Pondering the Cheddars, I remembered such biscuits not as a necessity, but as the sort of thing that were bought at Christmas. There would have been Ritz Crackers and KP Cheese Footballs and and tin of biscuits for eating with cheese, the sort of biscuits where the cream crackers would always have been the last left in the tin. During the rest of the year, the choice was much more limited, Rich Tea or Digestives were usually the only option.

A child during the war, my mother recounts how small was the sugar ration. My grandmother would take part of her weekly sugar ration as sweets for her children, it would mean that there was one sweet each for my mother and her siblings. Once a week, my grandmother would call her children together and take the sweet jar down from the shelf and give each of them their single sweet. It was eaten very slowly.

The sheer abundance of items once regarded as luxuries is now taken for granted.

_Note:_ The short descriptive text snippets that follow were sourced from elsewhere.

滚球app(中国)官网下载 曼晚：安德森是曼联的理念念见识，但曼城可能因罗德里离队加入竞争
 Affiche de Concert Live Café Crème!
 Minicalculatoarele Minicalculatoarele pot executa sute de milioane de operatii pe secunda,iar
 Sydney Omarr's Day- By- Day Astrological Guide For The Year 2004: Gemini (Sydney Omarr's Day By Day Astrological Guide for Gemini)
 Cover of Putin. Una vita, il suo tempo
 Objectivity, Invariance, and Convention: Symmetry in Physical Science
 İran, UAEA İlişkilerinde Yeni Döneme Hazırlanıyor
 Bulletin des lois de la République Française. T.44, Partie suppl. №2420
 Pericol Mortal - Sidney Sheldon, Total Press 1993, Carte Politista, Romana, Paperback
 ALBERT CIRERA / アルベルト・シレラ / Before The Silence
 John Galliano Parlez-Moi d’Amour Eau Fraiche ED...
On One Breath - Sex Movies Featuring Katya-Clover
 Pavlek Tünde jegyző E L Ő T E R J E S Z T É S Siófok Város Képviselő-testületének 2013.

The newsagent’s shop which might once have had newspapers, magazines and, possibly, books and stationery, was dominated by shelves of sweets, chocolate, crisps, snacks and soft drinks. The range of items on sale would have been unthinkable in the 1960s when the confectionery counter might have been confined to a space beside the till (presumably to discourage young miscreants from slipping things unpaid into their pockets).

The range of products in the most ordinary of supermarkets now far exceeds the choice that was available even in the most exclusive stores in the past.

Occasionally, such as during the panic buying in the spring of last year, there are small, temporary hints of what shortages might look like, but for most of the time, for most of us, the former luxuries are now routine.